• _DATA BLOCK_:
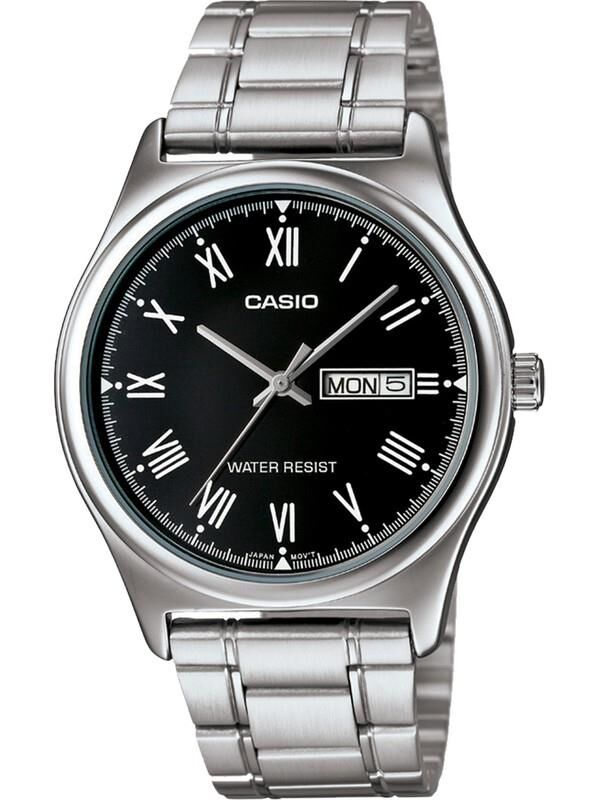Casio Standart Kol Saati MTPV006D1BUDF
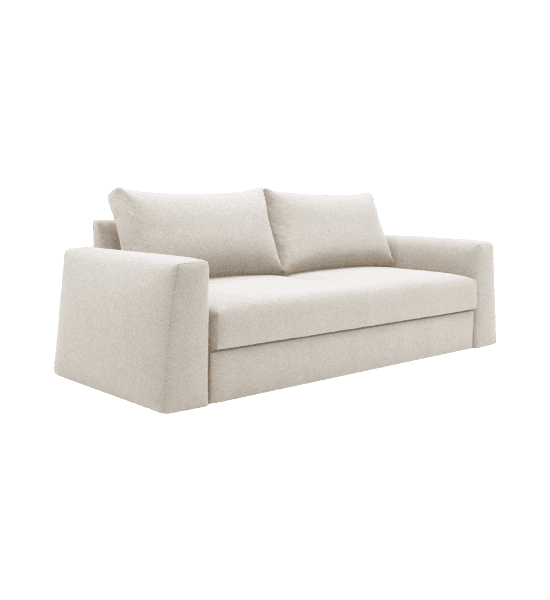 Taona 2 seater sofa bed – image 1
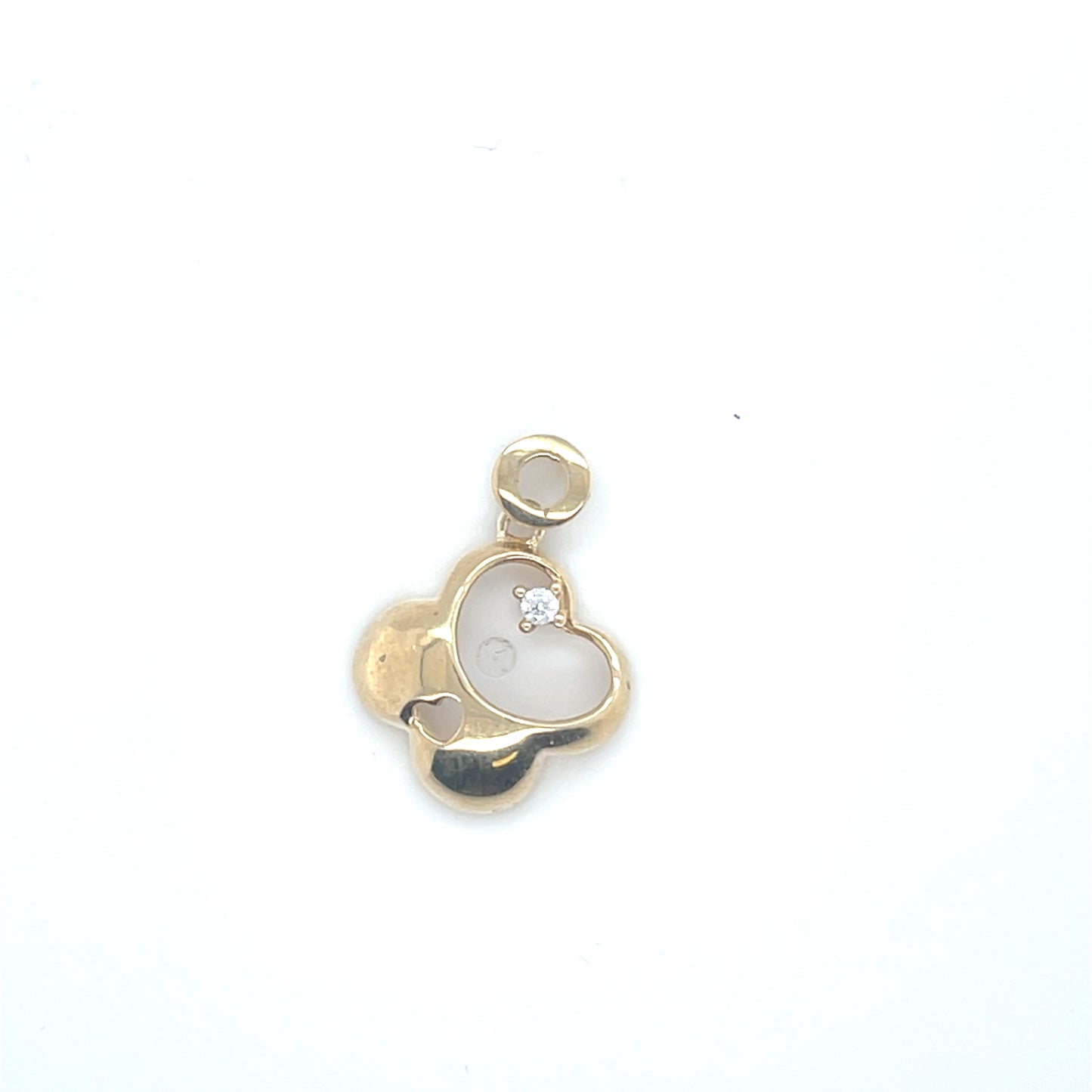 10K Gold Charms/Pendant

• _TASK REQUIREMENTS_:
Your answer should be the lines from the line containing "Taona 2 seater sofa bed – image 1" through the end of the listing above, output exactly and alone, without the pictures.

• _ANSWER TO THE EXERCISE_:
 Taona 2 seater sofa bed – image 1
 10K Gold Charms/Pendant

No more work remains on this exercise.